= DIRECTIONS =
Print the data below again in full, exactly as it stands, with no images.

::::::

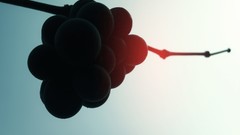 Nature branches Berries sunlight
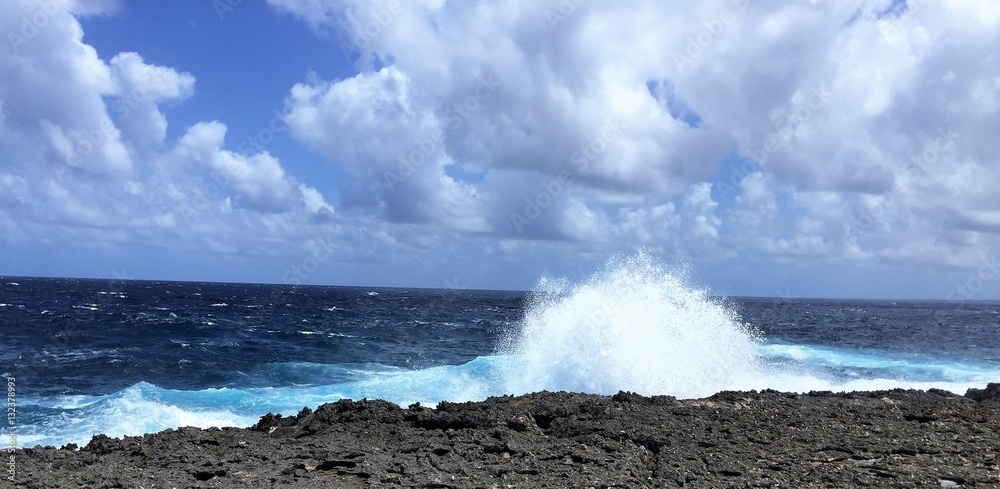 Obraz premium Windward side of the island of Bonaire.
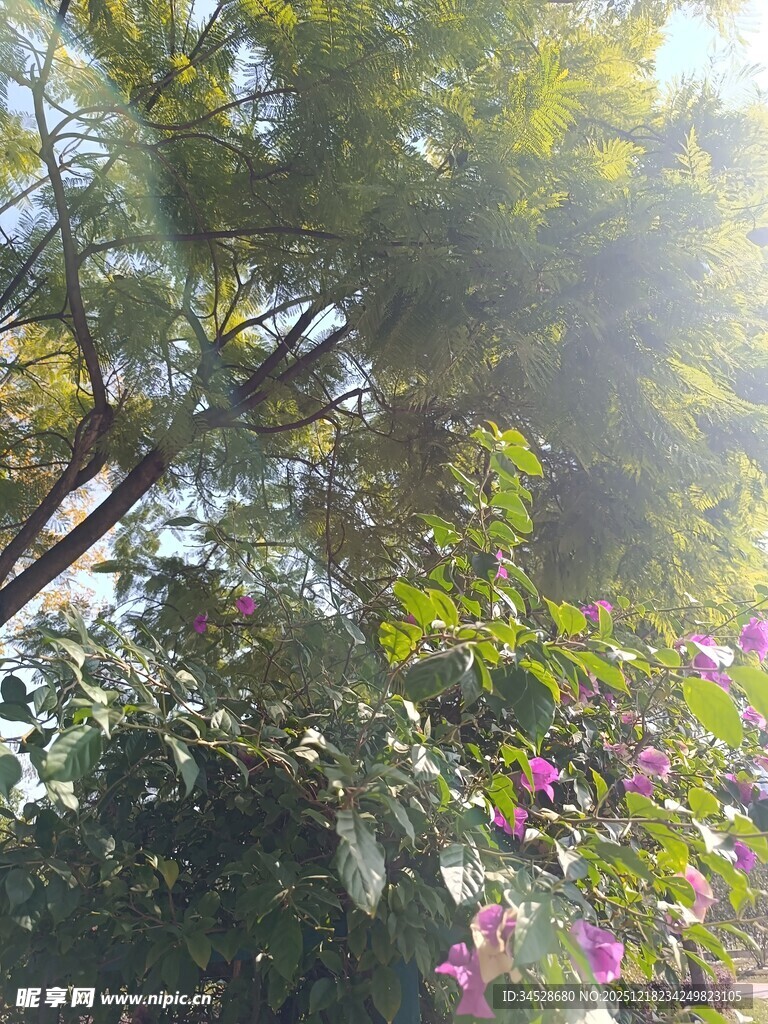 阳光洒落繁花绿树间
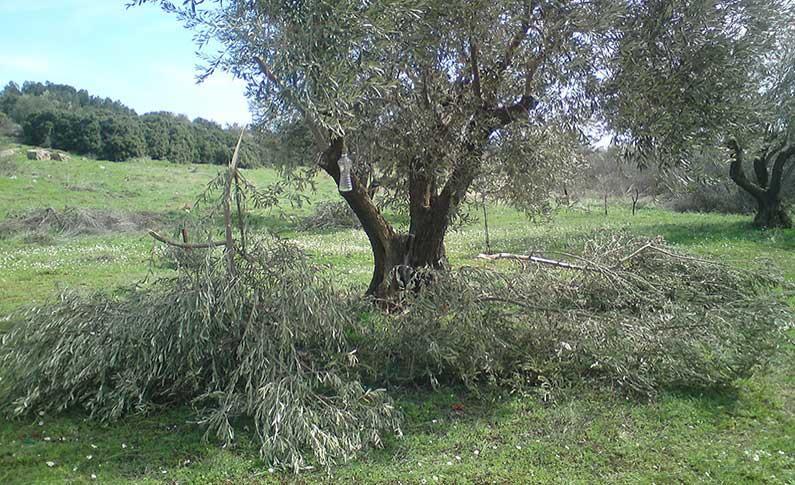 Υλικά κατάλληλα για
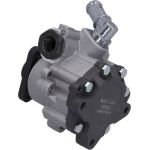 KAMOKA Hydraulikpumpe, Lenkung PP029 KAMOKA Hydraulikpumpe, Lenkung PP029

::::::

= TASK OUTPUT =
 Nature branches Berries sunlight
 Obraz premium Windward side of the island of Bonaire.
 阳光洒落繁花绿树间
 Υλικά κατάλληλα για
 KAMOKA Hydraulikpumpe, Lenkung PP029 KAMOKA Hydraulikpumpe, Lenkung PP029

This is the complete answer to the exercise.